What you are asked to do:
Your copy of the listing should match it exactly, only without pictures.

Information shown:
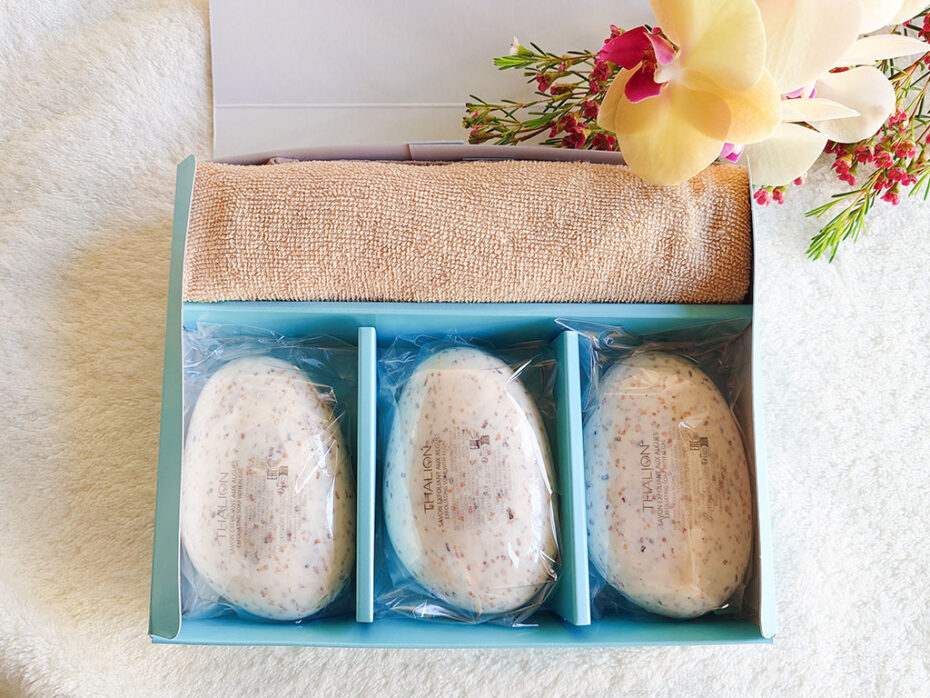 タリオン　エクスフォリアンソープギフトセット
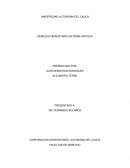 DERECHO HEREDITARIO EN ROMA ANTIGUA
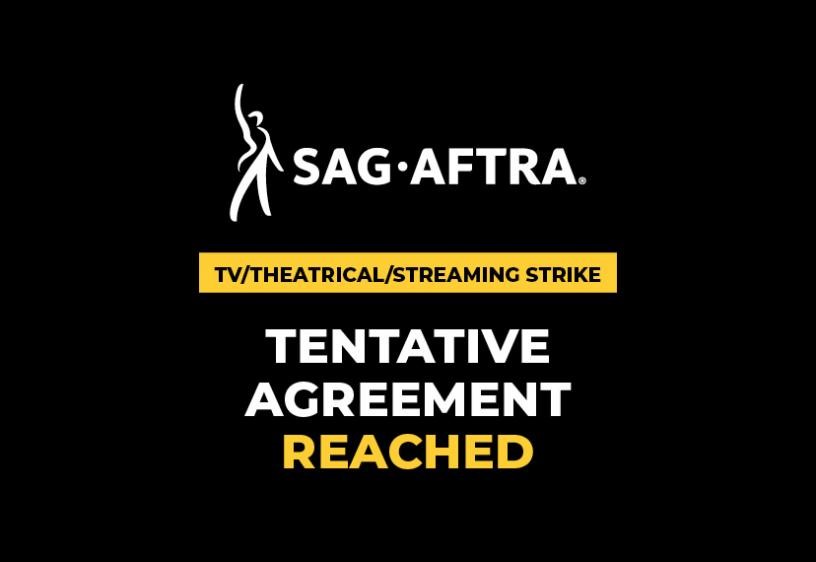 Actor's Strike was officially suspended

Task answer:
 タリオン　エクスフォリアンソープギフトセット
 DERECHO HEREDITARIO EN ROMA ANTIGUA
 Actor's Strike was officially suspended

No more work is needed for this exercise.